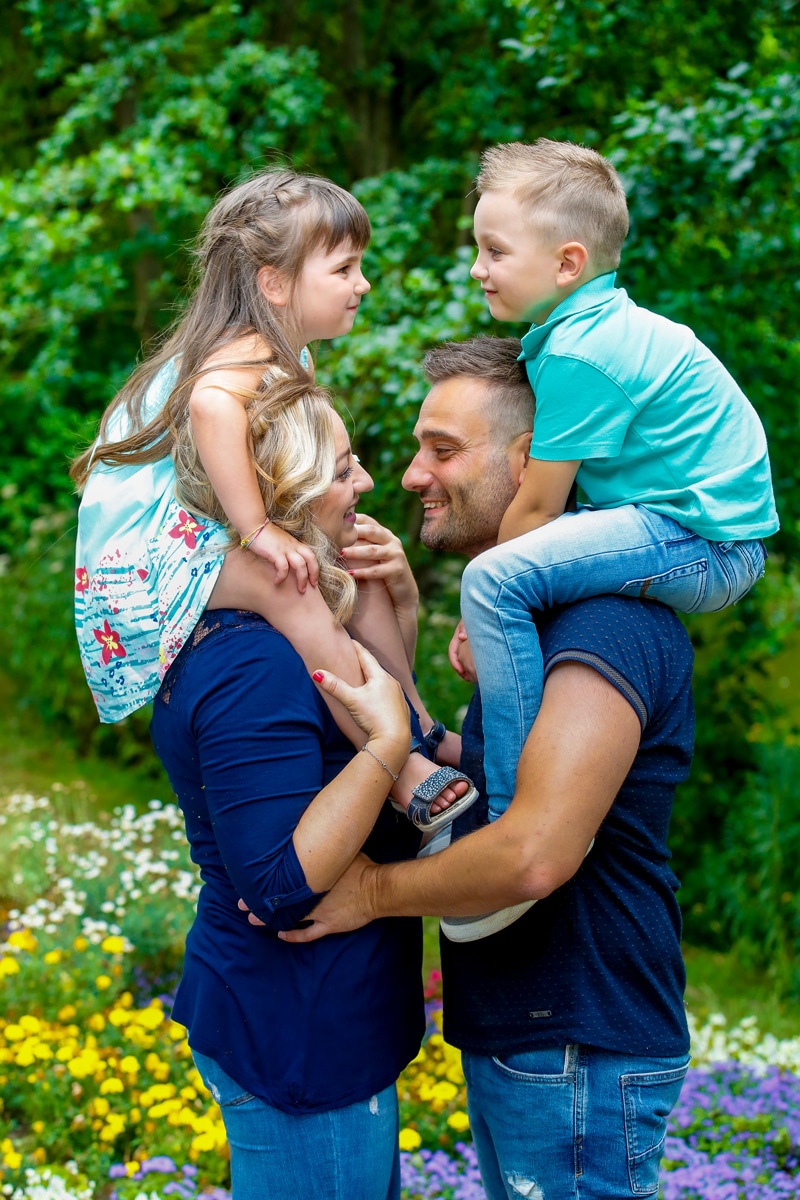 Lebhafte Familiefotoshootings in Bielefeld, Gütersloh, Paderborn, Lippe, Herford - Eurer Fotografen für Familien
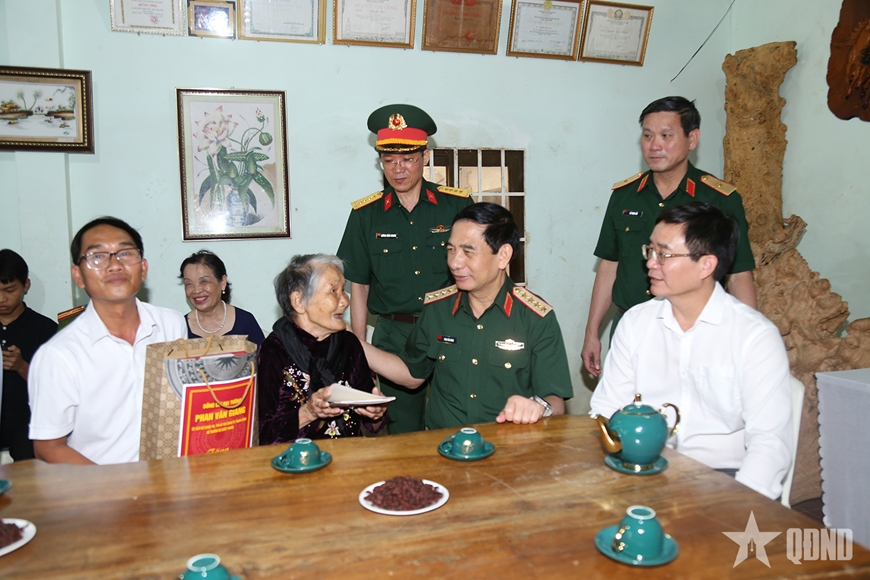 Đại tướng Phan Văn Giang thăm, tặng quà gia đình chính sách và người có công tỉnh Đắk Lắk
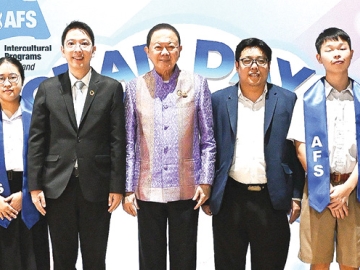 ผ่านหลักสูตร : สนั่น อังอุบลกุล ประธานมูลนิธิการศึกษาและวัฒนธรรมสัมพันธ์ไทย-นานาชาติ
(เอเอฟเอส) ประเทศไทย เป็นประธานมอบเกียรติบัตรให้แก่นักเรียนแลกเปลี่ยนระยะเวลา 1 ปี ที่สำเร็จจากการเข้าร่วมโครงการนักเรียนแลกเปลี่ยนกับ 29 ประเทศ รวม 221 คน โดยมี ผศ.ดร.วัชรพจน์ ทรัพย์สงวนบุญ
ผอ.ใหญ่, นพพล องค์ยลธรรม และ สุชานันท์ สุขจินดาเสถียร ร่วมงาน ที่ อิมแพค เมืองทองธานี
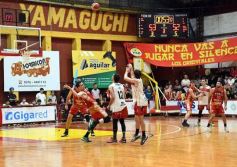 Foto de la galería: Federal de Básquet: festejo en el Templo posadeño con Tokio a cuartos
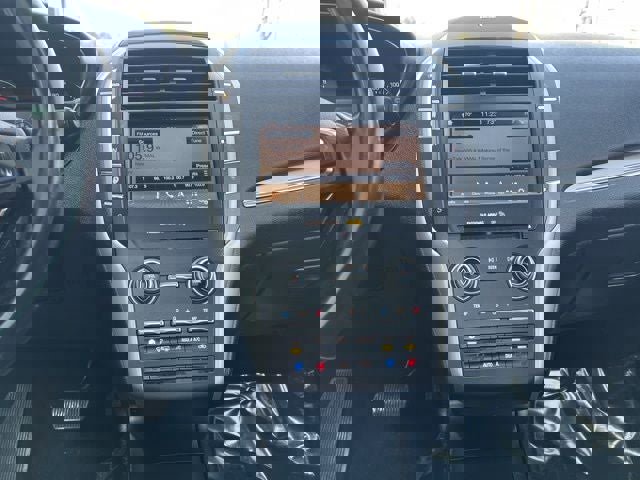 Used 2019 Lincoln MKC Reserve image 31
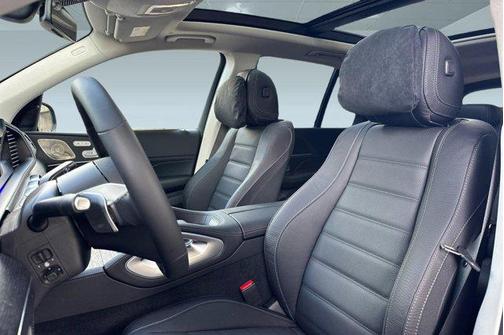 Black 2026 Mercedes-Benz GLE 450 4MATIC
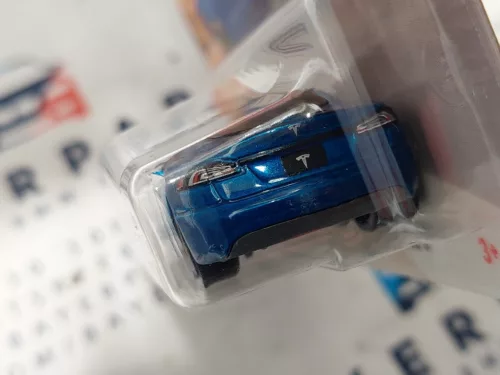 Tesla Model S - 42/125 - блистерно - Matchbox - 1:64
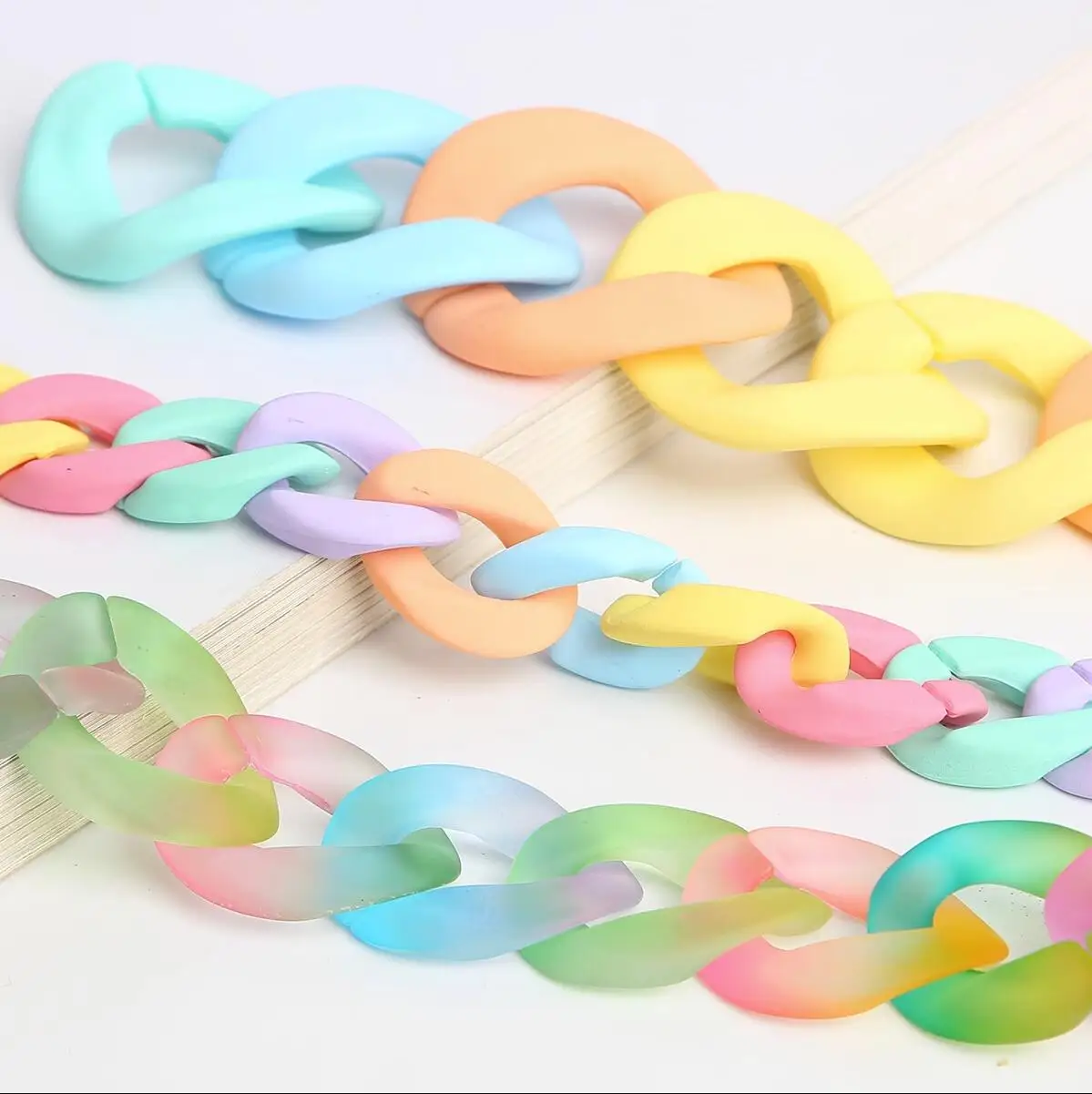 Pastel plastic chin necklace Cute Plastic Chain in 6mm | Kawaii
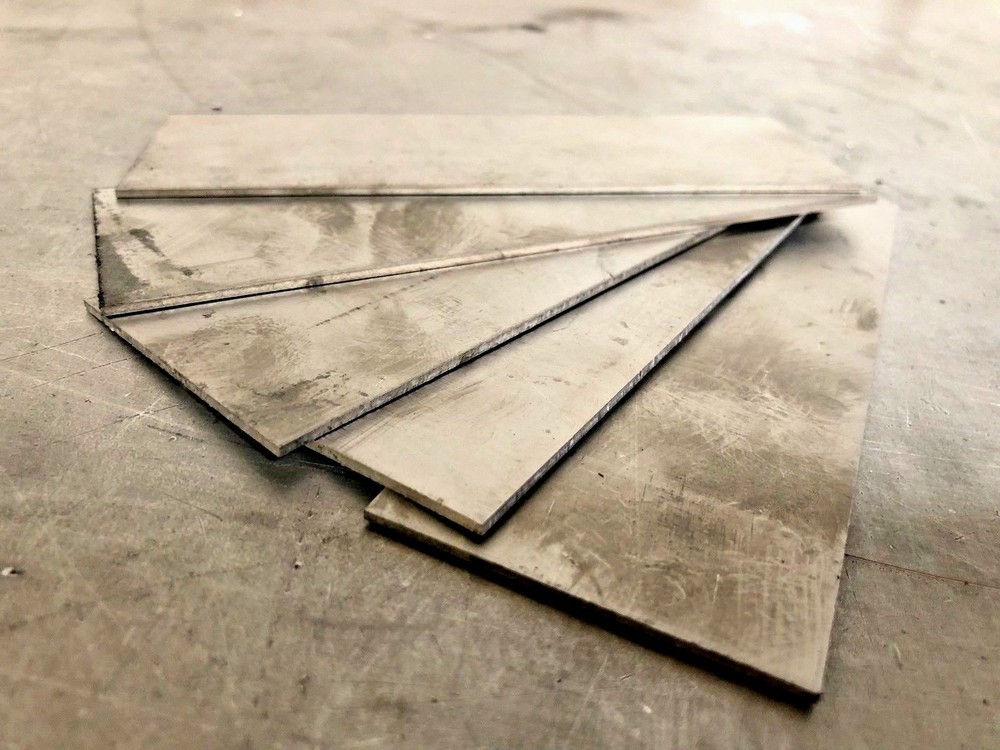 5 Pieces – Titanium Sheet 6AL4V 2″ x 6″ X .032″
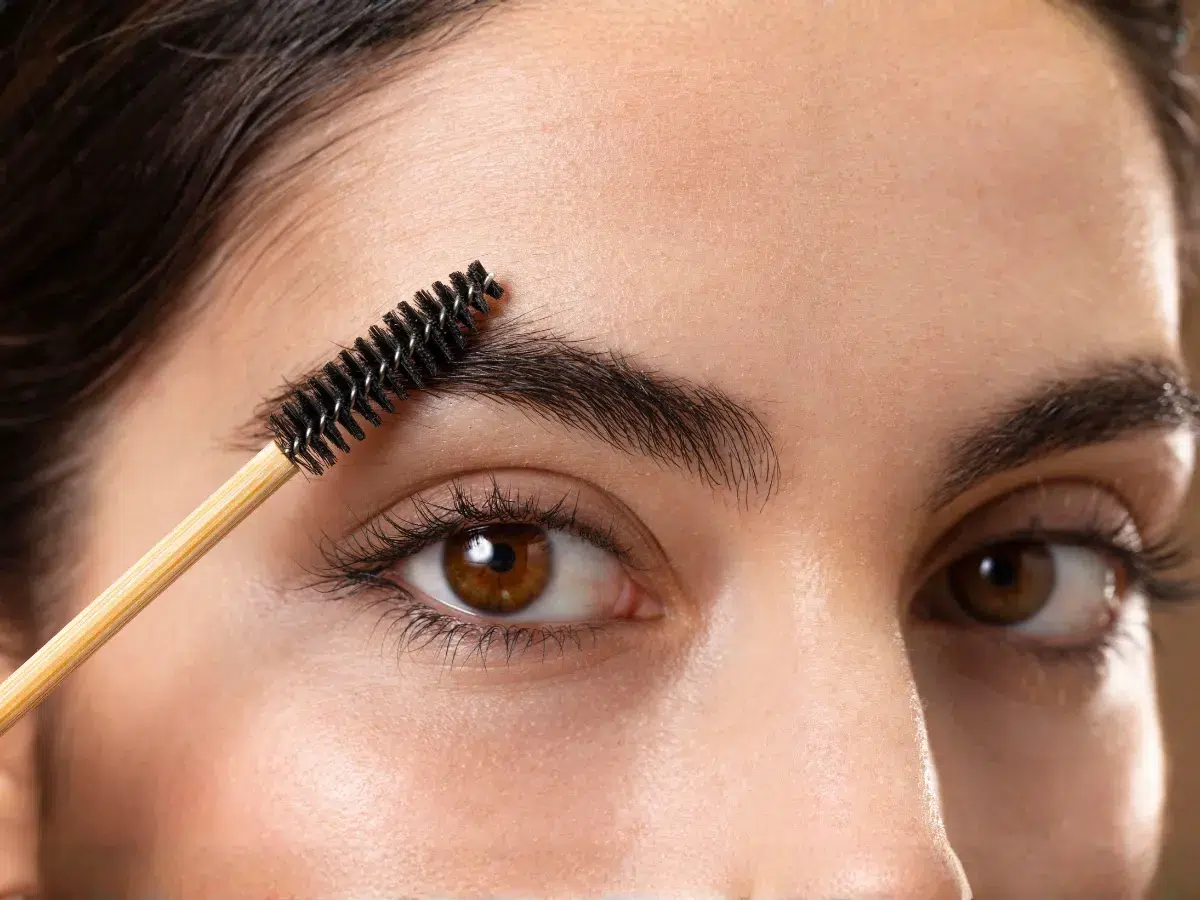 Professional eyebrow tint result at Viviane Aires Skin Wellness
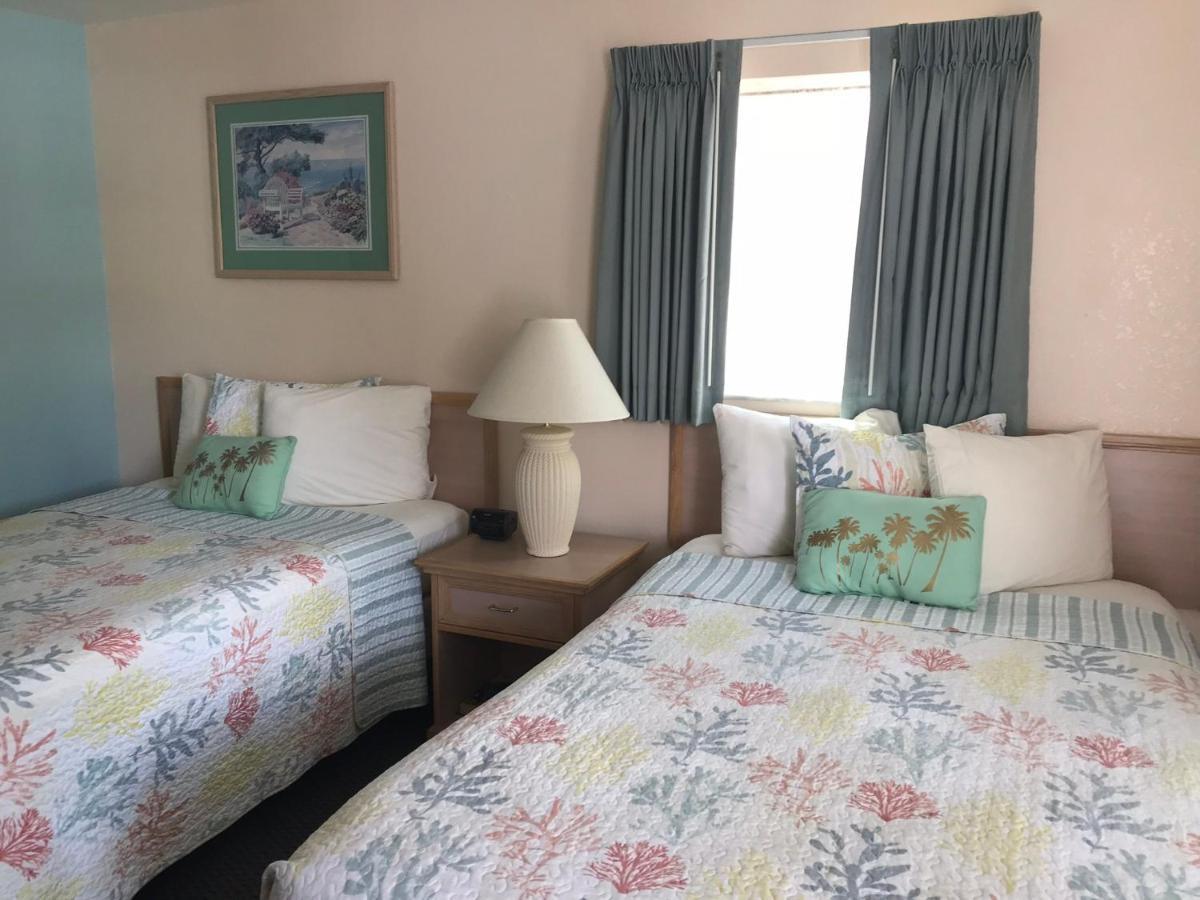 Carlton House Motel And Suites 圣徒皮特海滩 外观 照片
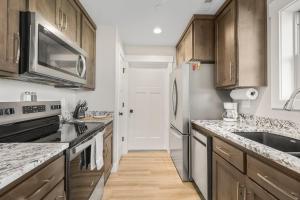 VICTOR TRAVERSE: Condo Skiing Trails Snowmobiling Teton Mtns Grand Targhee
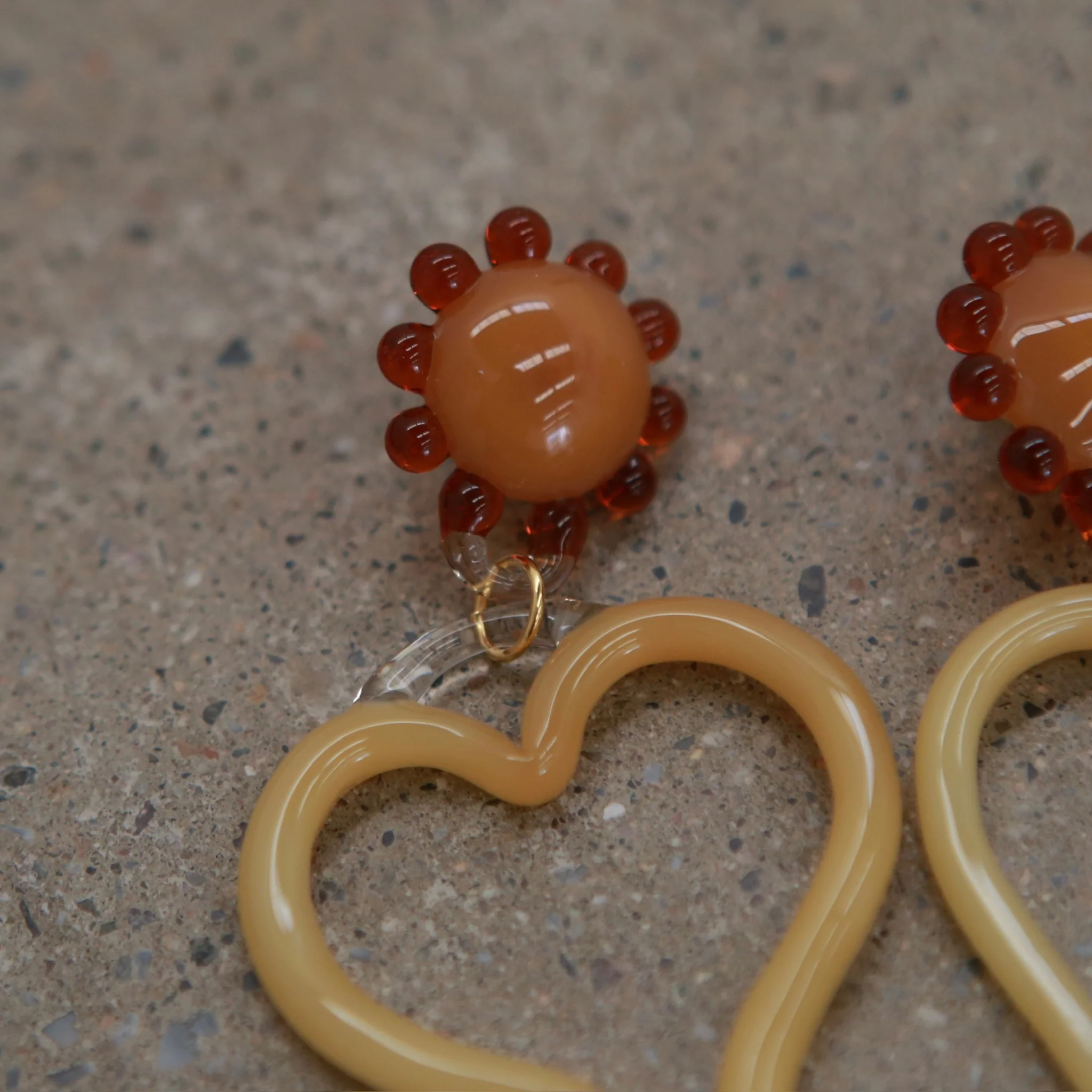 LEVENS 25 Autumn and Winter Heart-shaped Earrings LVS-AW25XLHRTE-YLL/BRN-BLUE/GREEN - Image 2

■ ■ ■

*DIRECTIONS*. Write out the material exactly, excluding pictures.

*EXERCISE OUTPUT*.
 Lebhafte Familiefotoshootings in Bielefeld, Gütersloh, Paderborn, Lippe, Herford - Eurer Fotografen für Familien
 Đại tướng Phan Văn Giang thăm, tặng quà gia đình chính sách và người có công tỉnh Đắk Lắk
 ผ่านหลักสูตร : สนั่น อังอุบลกุล ประธานมูลนิธิการศึกษาและวัฒนธรรมสัมพันธ์ไทย-นานาชาติ
(เอเอฟเอส) ประเทศไทย เป็นประธานมอบเกียรติบัตรให้แก่นักเรียนแลกเปลี่ยนระยะเวลา 1 ปี ที่สำเร็จจากการเข้าร่วมโครงการนักเรียนแลกเปลี่ยนกับ 29 ประเทศ รวม 221 คน โดยมี ผศ.ดร.วัชรพจน์ ทรัพย์สงวนบุญ
ผอ.ใหญ่, นพพล องค์ยลธรรม และ สุชานันท์ สุขจินดาเสถียร ร่วมงาน ที่ อิมแพค เมืองทองธานี
 Foto de la galería: Federal de Básquet: festejo en el Templo posadeño con Tokio a cuartos
 Used 2019 Lincoln MKC Reserve image 31
 Black 2026 Mercedes-Benz GLE 450 4MATIC
 Tesla Model S - 42/125 - блистерно - Matchbox - 1:64
 Pastel plastic chin necklace Cute Plastic Chain in 6mm | Kawaii
 5 Pieces – Titanium Sheet 6AL4V 2″ x 6″ X .032″
 Professional eyebrow tint result at Viviane Aires Skin Wellness
 Carlton House Motel And Suites 圣徒皮特海滩 外观 照片
 VICTOR TRAVERSE: Condo Skiing Trails Snowmobiling Teton Mtns Grand Targhee
 LEVENS 25 Autumn and Winter Heart-shaped Earrings LVS-AW25XLHRTE-YLL/BRN-BLUE/GREEN - Image 2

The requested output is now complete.